S-LoRA: Serving Thousands of Concurrent LoRA Adapters

Low Rank Adaptation (LoRA) is very often used to efficiently finetune a base model for deployment across different tasks. This results in a huge collection of LoRA adapters from a single base model. One major use case for this can be seen in recommender systems. For example, say you train a foundation model for user modeling and you want to use this for different segments of users. The most straightforward solution is to train an adapter for each cohort of users. This will result in thousands of adapters and efficient serving becomes critical in that case.

S-LoRA paper solves the problem of efficient serving when you have thousands of adapters from the same base model.

TLDR and Contributions

This paper presents a system for the scalable serving of many task-specific fine-tuned LoRA adapters. It stores all the adapters in the main memory and fetches the adapters used by the currently running queries to the GPU memory. It proposes, 1.) Unified Paging to efficiently use GPU memory and reduce fragmentation and 2.) a new tensor parallelism strategy (S-LoRA TP) and optimised custom CUDA kernel for heterogeneous batching of LoRA computation.

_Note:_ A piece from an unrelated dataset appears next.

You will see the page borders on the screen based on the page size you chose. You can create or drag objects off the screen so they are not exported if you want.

Contributions can be summarised as below:

Heterogeneous Batching and Scheduling: Introduces optimised CUDA kernels to operate directly on non-contiguous memory, in order to batch different adapters of varying rank.
Unified Paging: Introduces unified memory pool to reduce memory fragmentation and increase batch size. The pool manages dynamic adaptor weights and KV cache tensors by unified paging mechanism.
S-LoRA TP: Introduces a new tensor parallel strategy across multiple GPUs, to ensure that it incurs minimal communication cost for added LoRA communication compared to base model.

Preliminary

Here, I would assume that you are aware of LoRA so I won't go in too much detail. LoRA is a parameter-efficient fine-tuning method designed to adapt pre-trained large language models to new task. The motivation behind LoRA comes from the low intrinsic dimensionality of model update during adaptation (another interesting paper). In the training phase LoRA freezes the weight of pre-trained base model and adds trainable low-rank matrices to each layer.

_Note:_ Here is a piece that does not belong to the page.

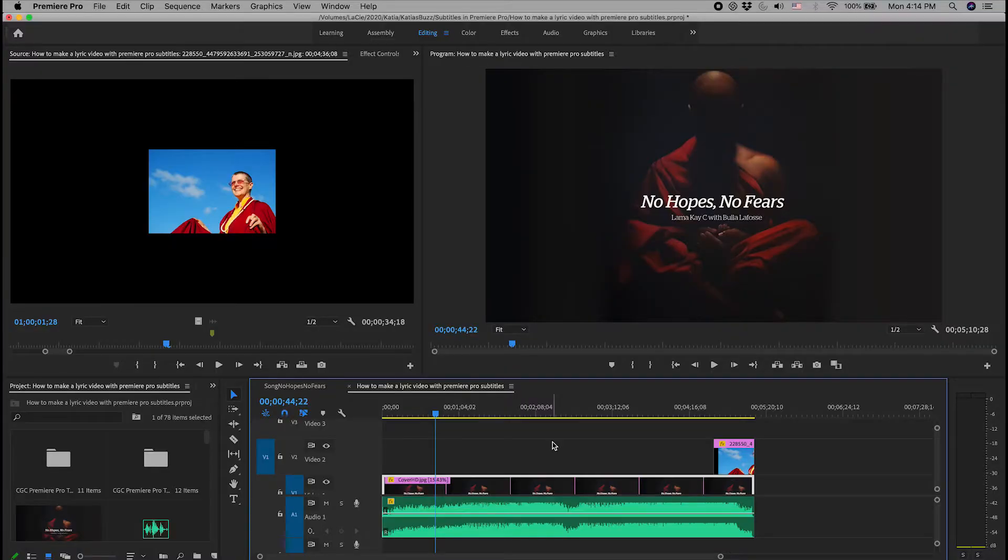If you're trying to find out how to make a lyric video with Premiere Pro subtitles, you came to the right place. Welcome to Katia's Buzz. In this Premiere Pro tutorial, I'm going to show you how quickly and easily you can create a music video using subtitles in Premiere Pro in 2020. In order to layer your lyrics with the voice over, follow me on this computer.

Figure 1: Reparametrization of the LoRA. Only A and B are trained and the weight of pre-trained base model W is kept frozen.(source)

Formally, for a pre-trained weight matrix W₀ ∈ ℝ^{h × d}, LoRA introduces a low-rank update ∆W = AB, where A ∈ ℝ^{h × r}, B ∈ ℝ^{r × d}, and the rank r ≪ min(h, d) and hence the update become W = W₀ + ∆W = W₀ + AB. If the forward pass of a base model is defined by h = xW₀, then after applying LoRA, the forward pass becomes:

$$h = x(W_0 + \Delta W) = x(W_0 + AB)$$ $$= xW_0 + xAB$$

Typically, this adjustment is only applied to the query, key, value, and output projection matrices in the self-attention module, and excludes the feed-forward module.

Heterogeneous Batching and Scheduling

The Batching Challenge

The paper's batching strategy enables online high-throughput serving of multiple LoRA adapters simultaneously. The original LoRA paper suggests to merge the weight into the base model (equation 1). This leads to no additional overhead during the inference since the resulting model has the same parameters count as the base models.

However, when serving multiple adapters this creates problems of multiple weight copy of the same model, consuming excessive memory. While the LoRA paper propose adding and subtracting adapter weights on-the-fly to avoid memory overhead, this approach doesn't support concurrent inference on separate LoRA adapters and therefore limiting batching opportunities.

S-LoRA's Solution

S-LoRA proposes LoRA computation xAB on-the-fly (equation 2) rather than merging weight. This eliminates duplication and enables batching of the more costly xW₀ operation. While this adds an additional overhead of xAB computation, this computation is substantially lower than xW₀ and the savings from batching the base model computation more than compensate for it.

Figure 2: Separated batched computation for the base model and LoRA computation. The batched computation of the base model is implemented by GEMM. The batched computation for LoRA adapters is implemented by custom CUDA kernels which support batching various sequence lengths and adapter ranks. (source)

Custom CUDA Kernels

Directly implementing the factored computation of the base model and individual LoRA adapters using the batch GEMM kernel from the existing BLAS libraries would require significant padding due to the heterogeneity of sequence lengths and adapter ranks resulting in poor hardware utilization.

Instead, S-LoRA batches the computation of the base model xW₀ and then uses custom CUDA kernels to efficiently compute xAB for each adapter separately without padding (see Figure 2). This custom implementation achieves much better performance than naive batched approaches.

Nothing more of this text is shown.